» WORK INSTRUCTION: Although the entries contain pictures, only their words should be duplicated exactly.

##### INPUT

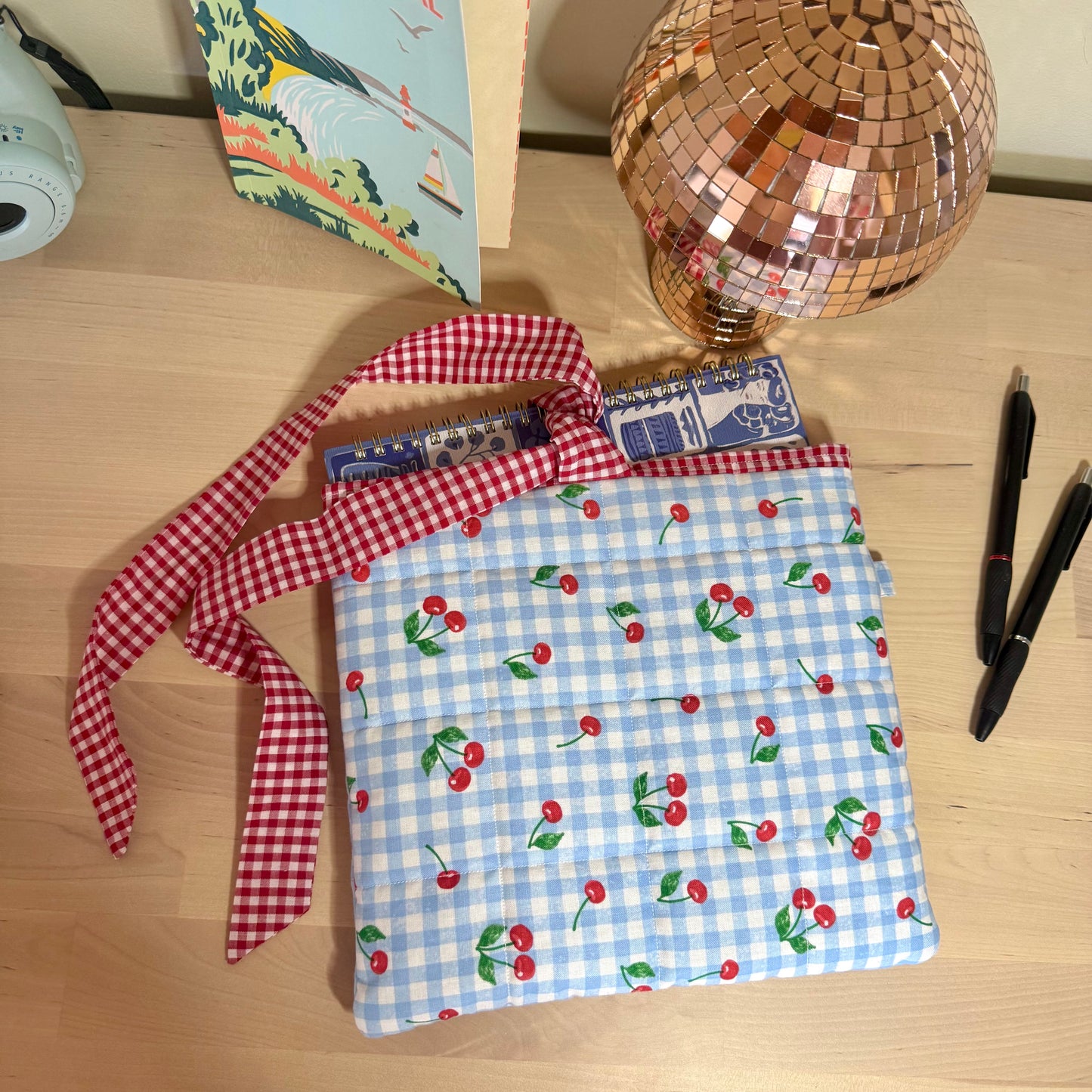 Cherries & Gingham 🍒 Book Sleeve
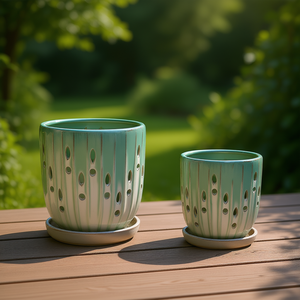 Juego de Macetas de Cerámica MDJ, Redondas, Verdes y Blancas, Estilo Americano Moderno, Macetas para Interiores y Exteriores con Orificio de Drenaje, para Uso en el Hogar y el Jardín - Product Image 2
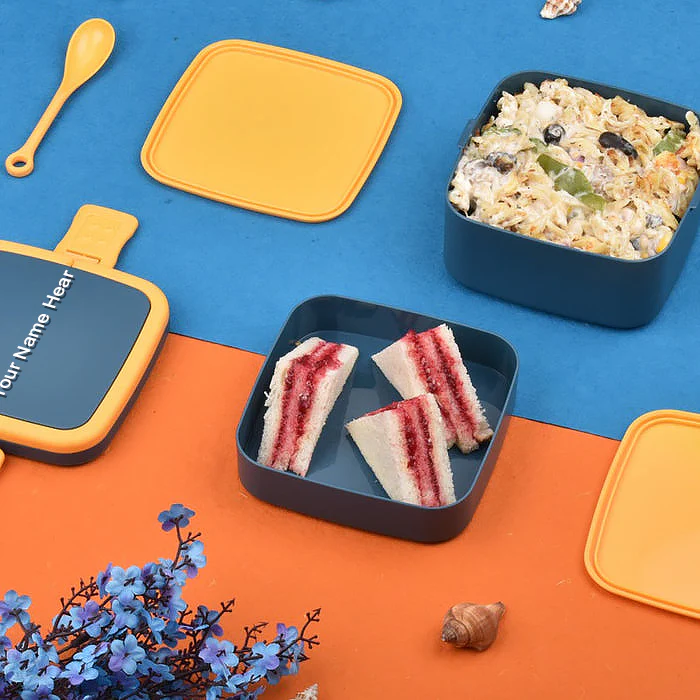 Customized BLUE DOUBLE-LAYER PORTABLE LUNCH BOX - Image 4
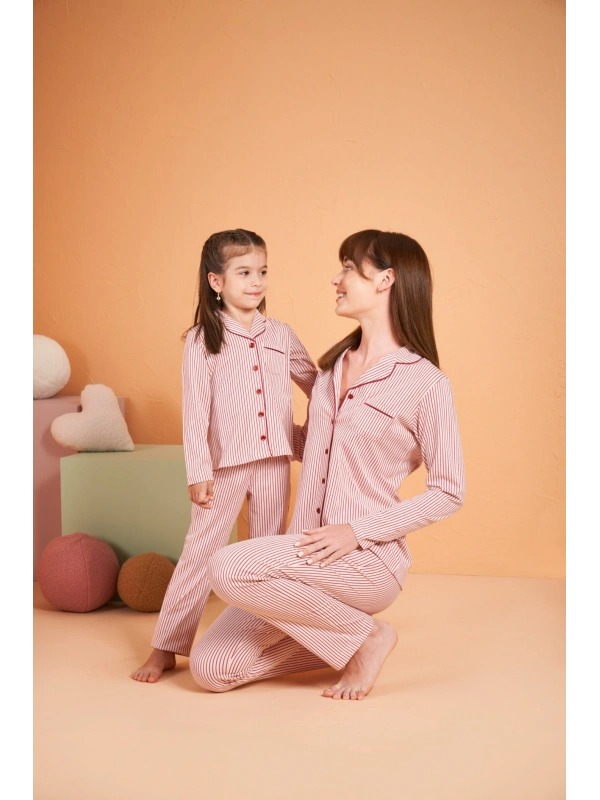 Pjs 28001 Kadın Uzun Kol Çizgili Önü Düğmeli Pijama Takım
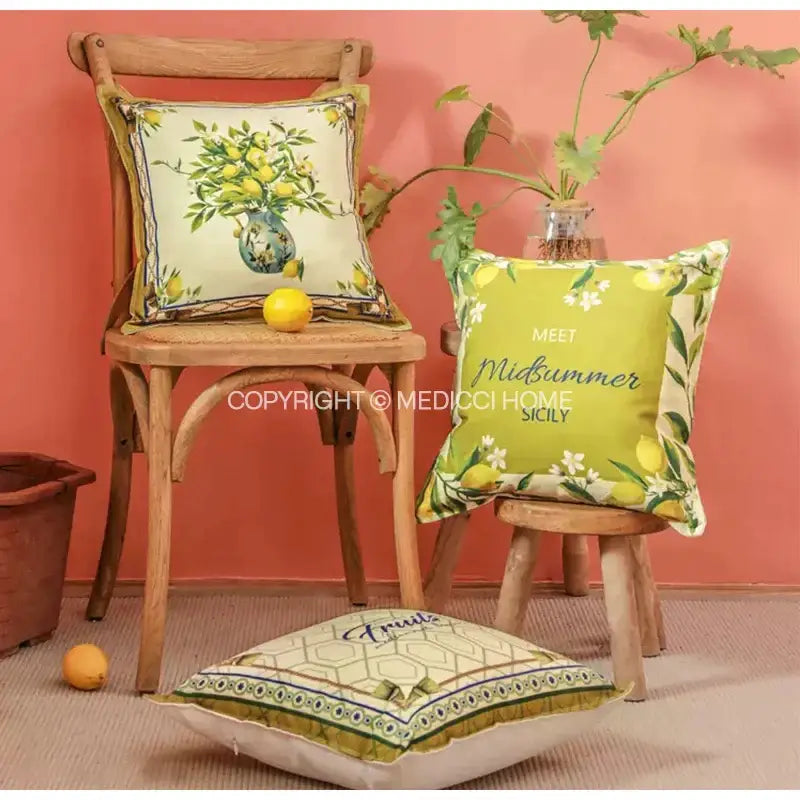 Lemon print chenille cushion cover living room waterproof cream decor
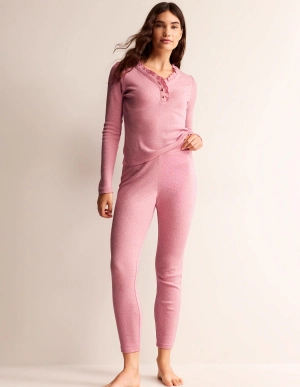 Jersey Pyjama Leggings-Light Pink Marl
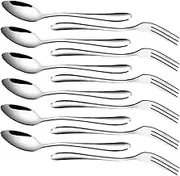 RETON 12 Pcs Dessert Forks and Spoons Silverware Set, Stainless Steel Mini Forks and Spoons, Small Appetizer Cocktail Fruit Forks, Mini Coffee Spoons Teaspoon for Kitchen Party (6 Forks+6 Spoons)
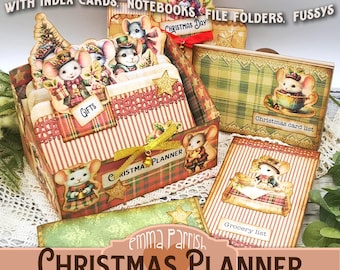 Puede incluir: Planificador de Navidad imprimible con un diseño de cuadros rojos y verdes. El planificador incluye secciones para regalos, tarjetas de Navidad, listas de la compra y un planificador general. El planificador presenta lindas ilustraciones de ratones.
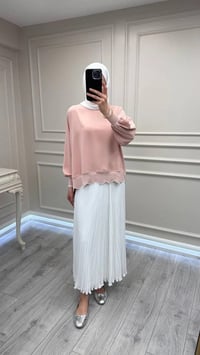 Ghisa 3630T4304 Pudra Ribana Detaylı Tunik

##########

» RESULT FOR THIS EXERCISE:
 Cherries & Gingham 🍒 Book Sleeve
 Juego de Macetas de Cerámica MDJ, Redondas, Verdes y Blancas, Estilo Americano Moderno, Macetas para Interiores y Exteriores con Orificio de Drenaje, para Uso en el Hogar y el Jardín - Product Image 2
 Customized BLUE DOUBLE-LAYER PORTABLE LUNCH BOX - Image 4
 Pjs 28001 Kadın Uzun Kol Çizgili Önü Düğmeli Pijama Takım
 Lemon print chenille cushion cover living room waterproof cream decor
 Jersey Pyjama Leggings-Light Pink Marl
 RETON 12 Pcs Dessert Forks and Spoons Silverware Set, Stainless Steel Mini Forks and Spoons, Small Appetizer Cocktail Fruit Forks, Mini Coffee Spoons Teaspoon for Kitchen Party (6 Forks+6 Spoons)
 Puede incluir: Planificador de Navidad imprimible con un diseño de cuadros rojos y verdes. El planificador incluye secciones para regalos, tarjetas de Navidad, listas de la compra y un planificador general. El planificador presenta lindas ilustraciones de ratones.
 Ghisa 3630T4304 Pudra Ribana Detaylı Tunik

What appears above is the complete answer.